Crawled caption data

= = = = = = =

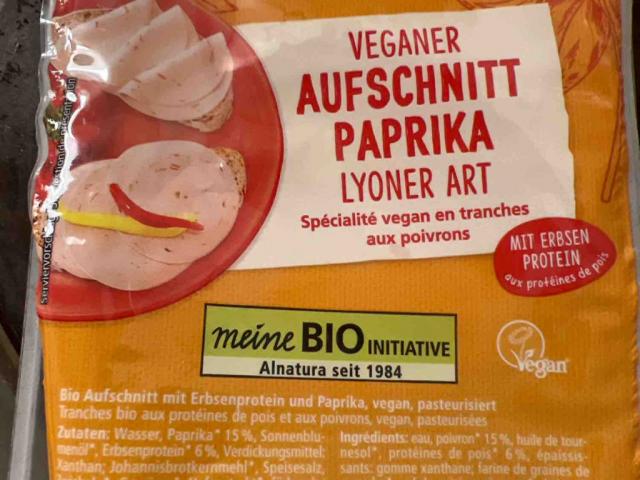 Veganer Aufschnitt, Lyoner Arr von Bloh | Hochgeladen von: Bloh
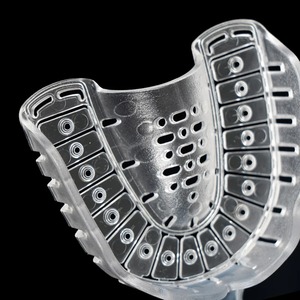 Bandejas de Impresión Dental de Plástico Transparente Azul, para Molde de Boca Completa o Parcial, Tamaños S, M, L, Desechables, Herramientas Dentales - Product Image 6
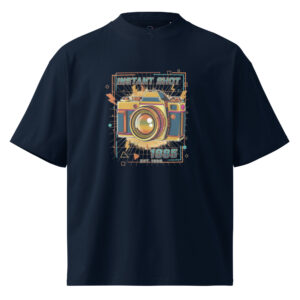 Camiseta Oversize Orgánica "Vintage Shot 1986" unisex - Imagen 2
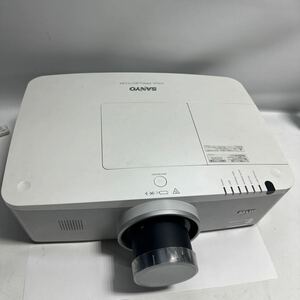 SANYO 液晶プロジェクター LP-XM100 5000ルーメン 使用時間343h 動作品　現状本体出品　リモコン無し　レンズLNS-S20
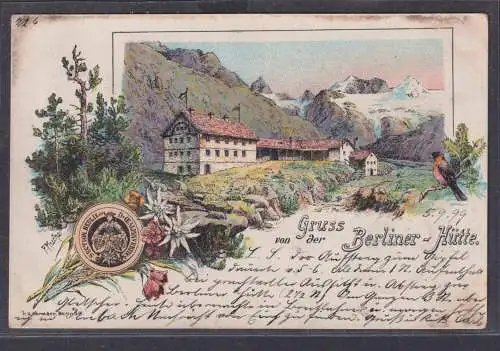 Litho Künstler Ansichtskarte sign. Mucha Österreich Mayrhofen seltener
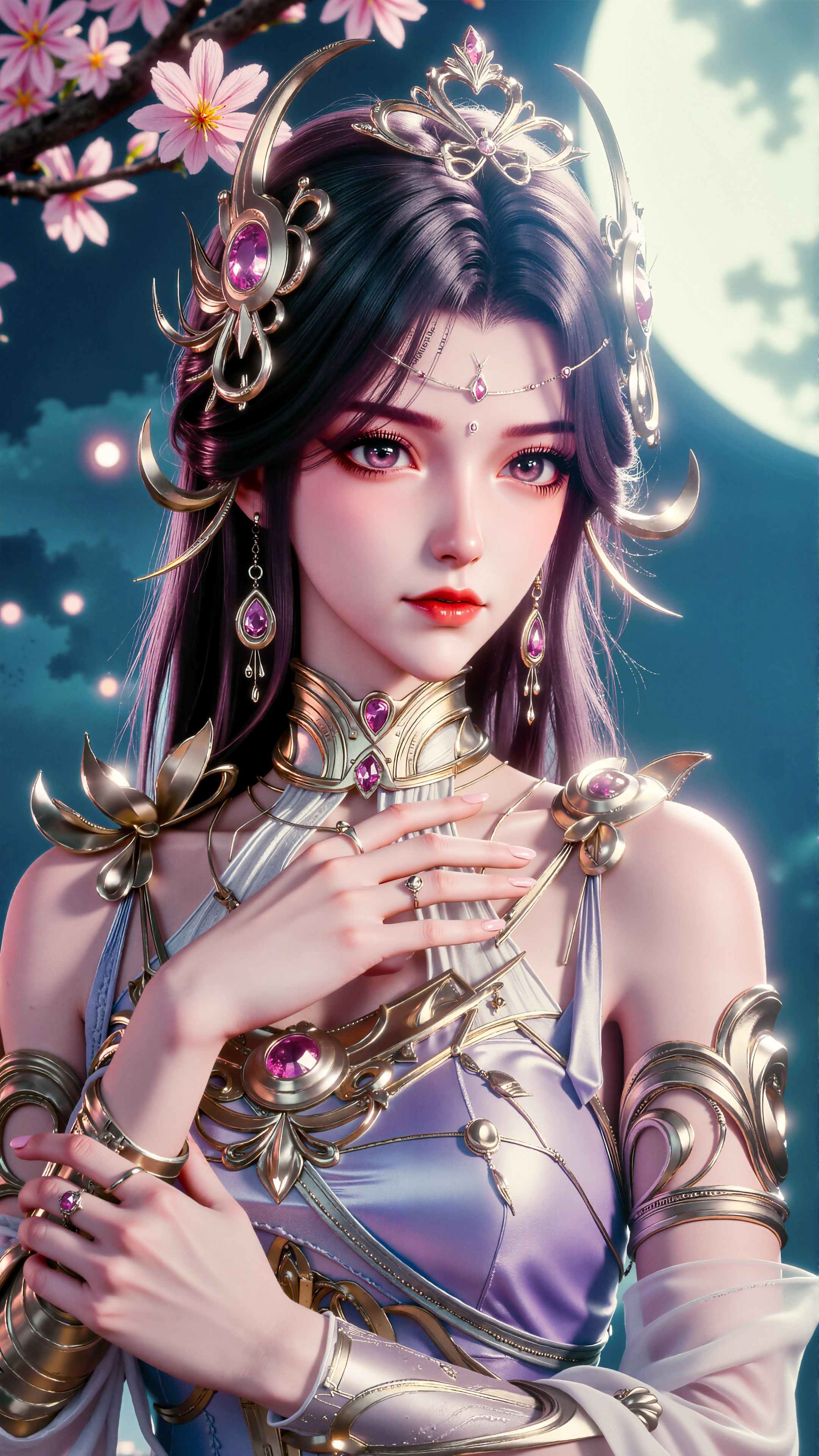 全屏高清壁纸 #国漫女神#美女壁纸  第4张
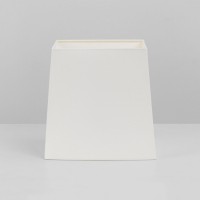 PLOWIT STÍNÍTKO ČTEREC Stínítko pro nástěnnou/stolní/stojací lampu, tvar čtverec, materiál textil, povrch vnější bílá, černá, ústříce, tmel, vnitřní bílá, E27/ES, rozměry dle typu, vč. redukčního kroužku E14, POUZE STÍNÍTKO BEZ ZÁKLADNY
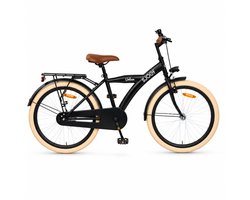 SJOEF Urban Jongensfiets 24 inch - Kinderfiets 8 t/m 12 jaar - Fiets 24 inch - Mat Zwart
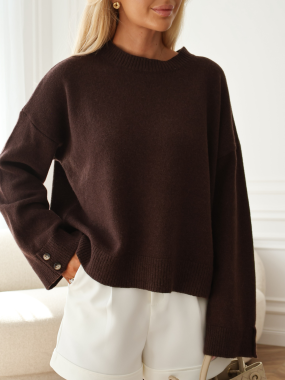 Sweter Hamptons | 100% wełna merino | brun chocolat ♡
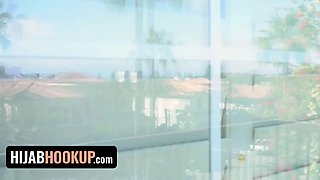 Hijab hookup - defying arab beauty Izzy Lush gets nasty with her bf while home alone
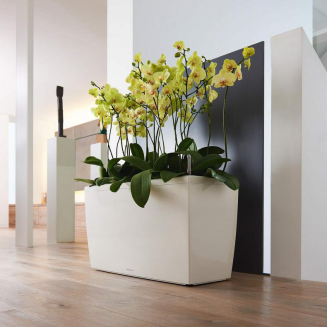  Lechuza Cararo Premium black gloss flowerpot - 7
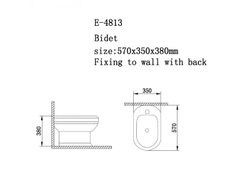 Биде напольное Aksy Bagno Rome схема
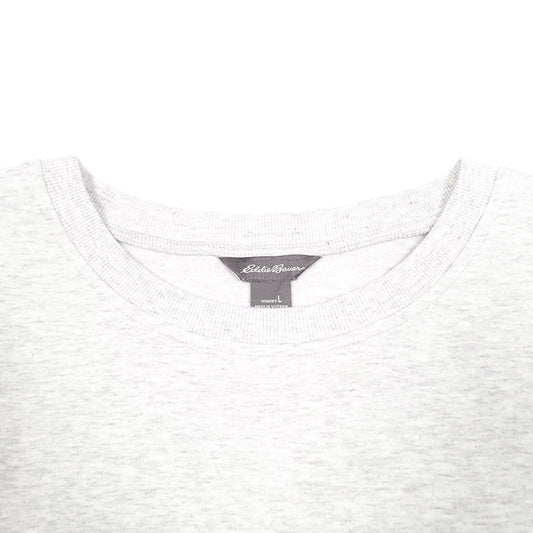Womens Grey Eddie Bauer Crewneck Jumper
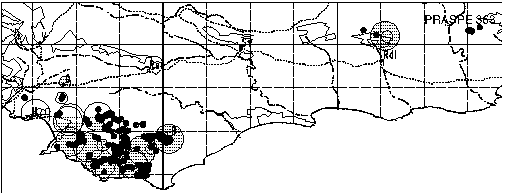 Protea aspera Distribution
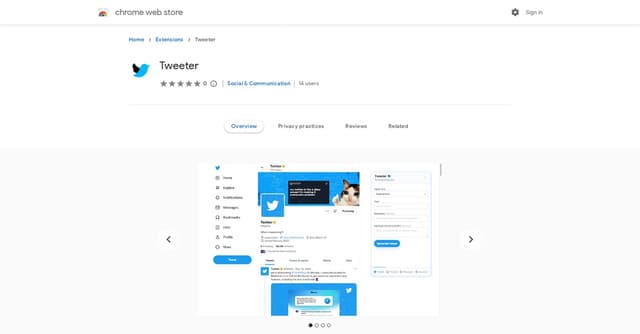 Tweeter screenshot 1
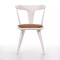 Four Hands Ripley Dining Chair - Off White - Whiskey Saddle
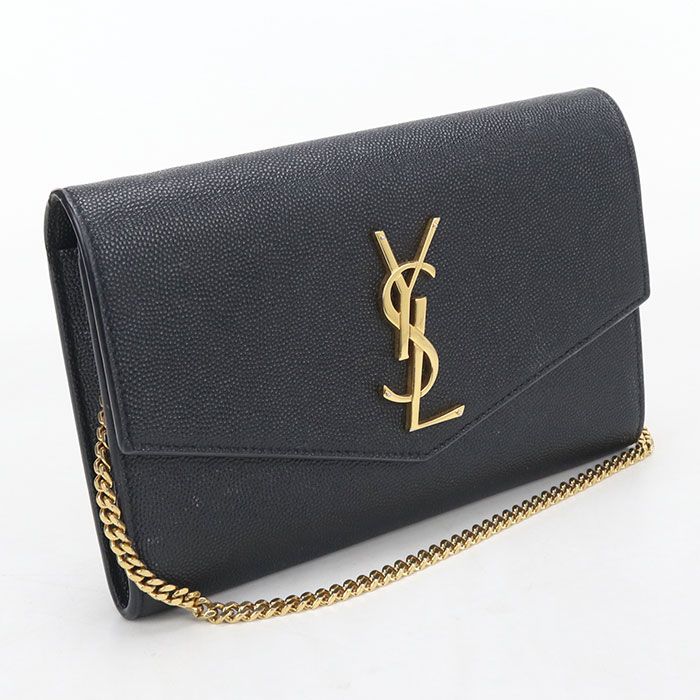 Saint Laurent Uptown Chain Wallet Calfskin Shoulder Bag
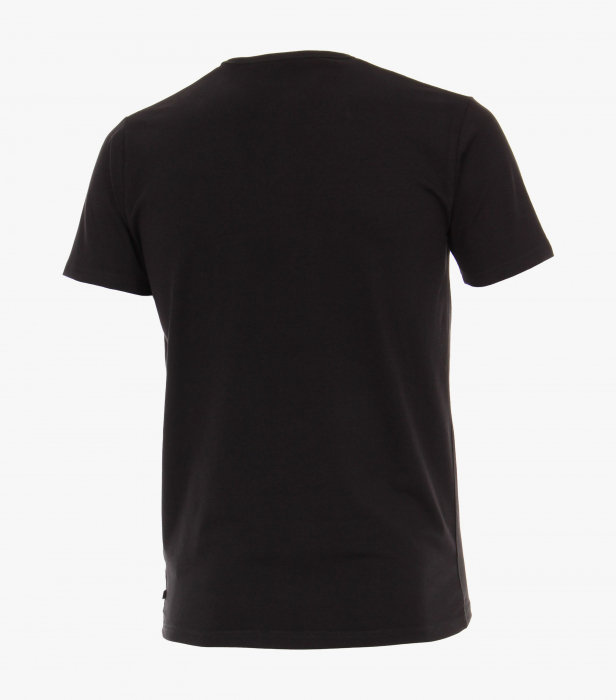Tricou bumbac anchior barbati VENTI - set 2 bucati negru [2]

= = = = = = =

- TASK INSTRUCTIONS: Each record above should come back exactly the same, only without its pictures.

- EXERCISE ANSWER:
 Veganer Aufschnitt, Lyoner Arr von Bloh | Hochgeladen von: Bloh
 Bandejas de Impresión Dental de Plástico Transparente Azul, para Molde de Boca Completa o Parcial, Tamaños S, M, L, Desechables, Herramientas Dentales - Product Image 6
 Camiseta Oversize Orgánica "Vintage Shot 1986" unisex - Imagen 2
 SANYO 液晶プロジェクター LP-XM100 5000ルーメン 使用時間343h 動作品　現状本体出品　リモコン無し　レンズLNS-S20
 Litho Künstler Ansichtskarte sign. Mucha Österreich Mayrhofen seltener
 全屏高清壁纸 #国漫女神#美女壁纸  第4张
 PLOWIT STÍNÍTKO ČTEREC Stínítko pro nástěnnou/stolní/stojací lampu, tvar čtverec, materiál textil, povrch vnější bílá, černá, ústříce, tmel, vnitřní bílá, E27/ES, rozměry dle typu, vč. redukčního kroužku E14, POUZE STÍNÍTKO BEZ ZÁKLADNY
 SJOEF Urban Jongensfiets 24 inch - Kinderfiets 8 t/m 12 jaar - Fiets 24 inch - Mat Zwart
 Sweter Hamptons | 100% wełna merino | brun chocolat ♡
 Hijab hookup - defying arab beauty Izzy Lush gets nasty with her bf while home alone
  Lechuza Cararo Premium black gloss flowerpot - 7
 Биде напольное Aksy Bagno Rome схема
Womens Grey Eddie Bauer Crewneck Jumper
 Protea aspera Distribution
 Tweeter screenshot 1
 Four Hands Ripley Dining Chair - Off White - Whiskey Saddle
 Saint Laurent Uptown Chain Wallet Calfskin Shoulder Bag
Tricou bumbac anchior barbati VENTI - set 2 bucati negru [2]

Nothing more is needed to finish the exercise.